I have a sneaking suspicion that you were hoping I'd say "Oh, I can't make change for that. Just go on in with no charge." Well, fella, I was on to you. That is why I handed that HUNDRED DOLLAR BILL right back to you and said "I'm going to send my husband down to get more bills so we can break that for you. I'll find you in the stands in a few minutes so we can take care of this." After all, it WAS $14 you owed us for your two adult admissions and 4 student admissions. I don't set the prices. I just take the money on my appointed day.
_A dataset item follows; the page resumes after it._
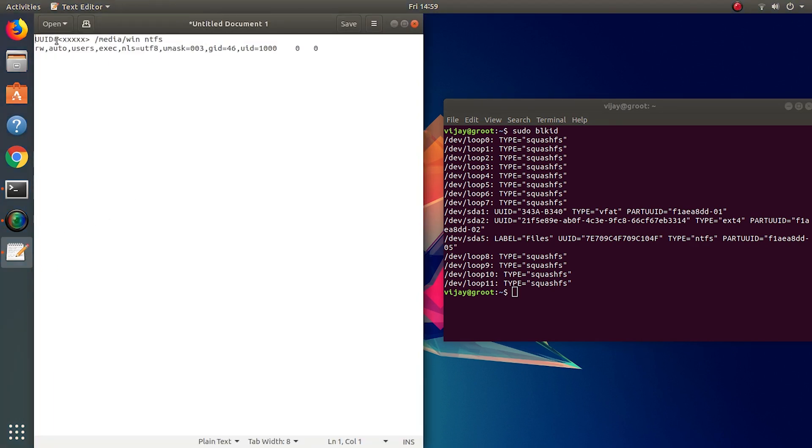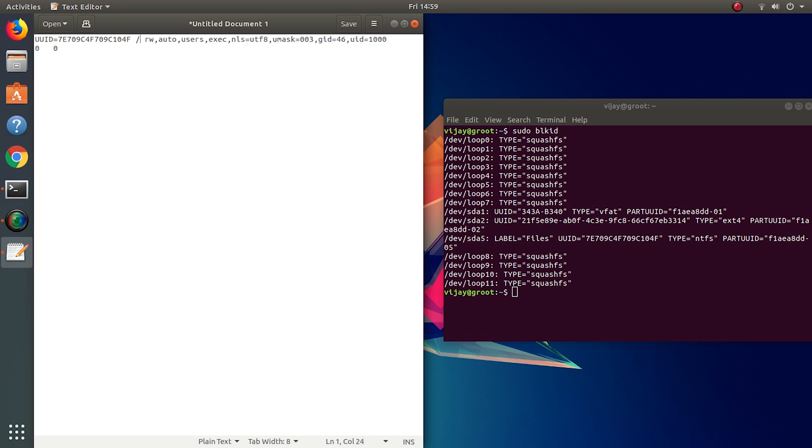I'm replacing the placeholder with my UUID. This command also will be available in the description. The partition will be mounted at the directory which we enter here, and we can access it just like any other folder.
So when you came back down the bleachers and said to me "How much did you say that was again?" and I said "Fourteen Dollars" and you said "Oh, I have that with me," I was a LIT.TLE suspicious.

And then when I had to take the bills back to the other cash box from which my husband had borrowed; the ladies there heard my story and said "Sounds like someone was hoping to get in for free." And I said "AH! HA! I thought so too. " I couldn't prove it, of course, but I was just picking up a bad vibe, you big spender you.

So, Sir, may I suggest you take that hundred dollar bill to a bank, or even a grocery store and have them break it into smaller bills for you? That way you won't be tempted to try to swindle anybody else.

If that doesn't appeal to you, may I suggest another place for you to put it?

Thank You.

1 comment:

Susiewearsthepants said...

LOL-It's hard to believe someone would do that! I love your suggestion as to where it should be placed.